> HOW TO COMPLETE THIS TASK: When you return the data, keep every word exact and include none of the images.

> EXERCISE DATA:
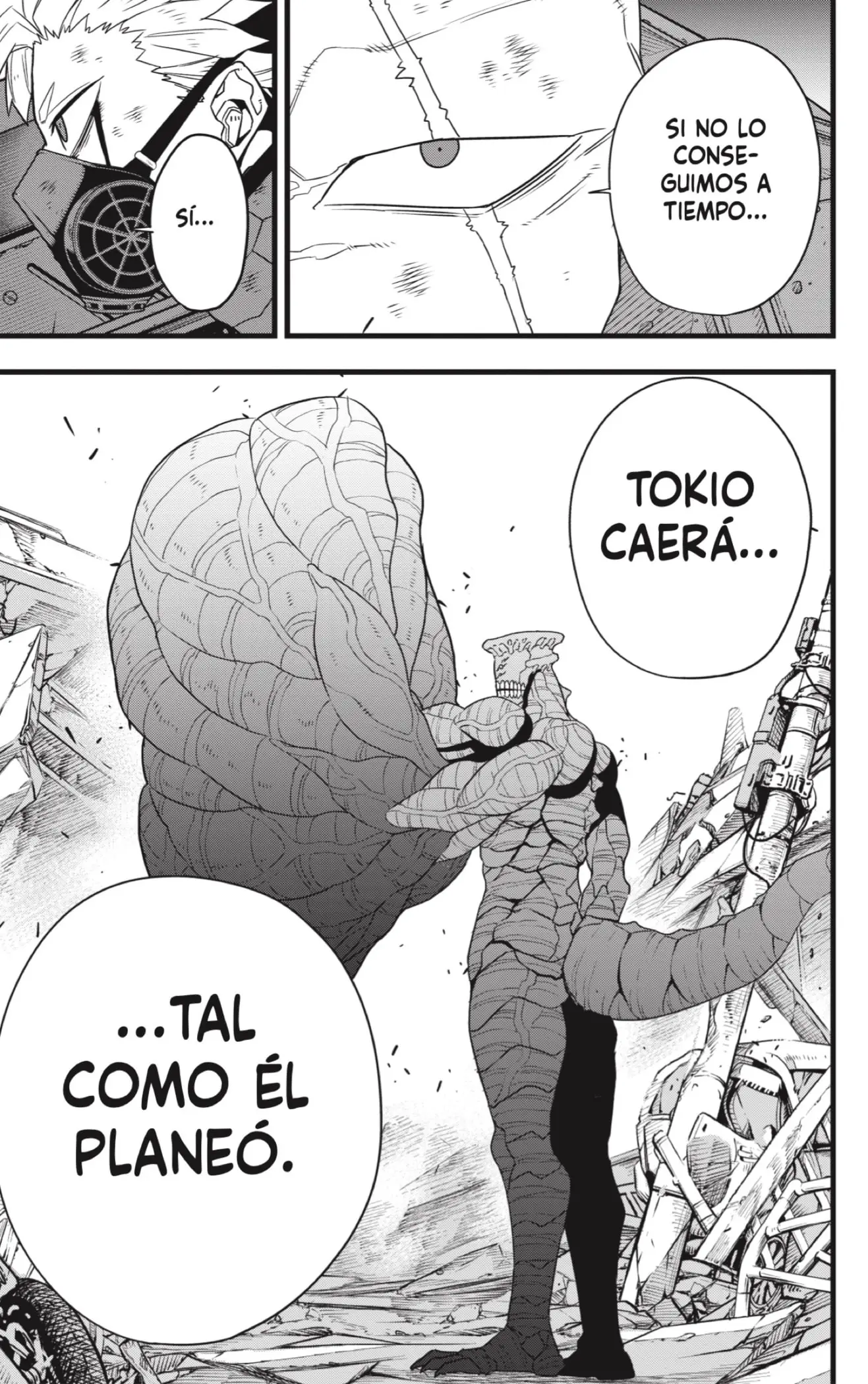 Kaiju No. 8 capítulo 102, página 27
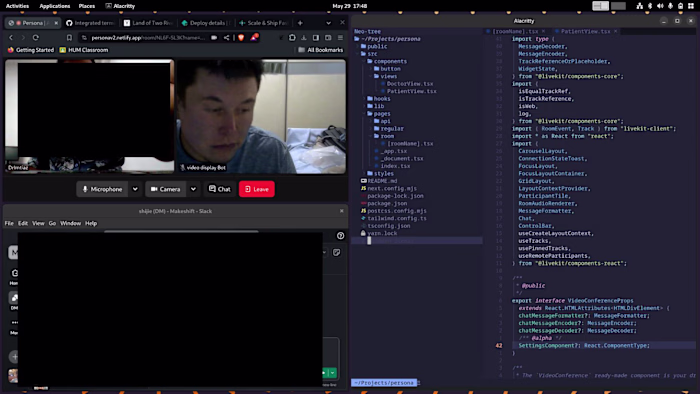 "Persona" Deepfake Cloud System for Anonymous Group Therapy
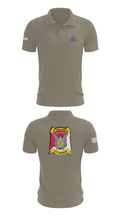 B Troop 2-17 Cav REGT 36740014 Short Sleeve Performance Polo - 67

> EXERCISE OUTPUT:
 Kaiju No. 8 capítulo 102, página 27
 "Persona" Deepfake Cloud System for Anonymous Group Therapy
 B Troop 2-17 Cav REGT 36740014 Short Sleeve Performance Polo - 67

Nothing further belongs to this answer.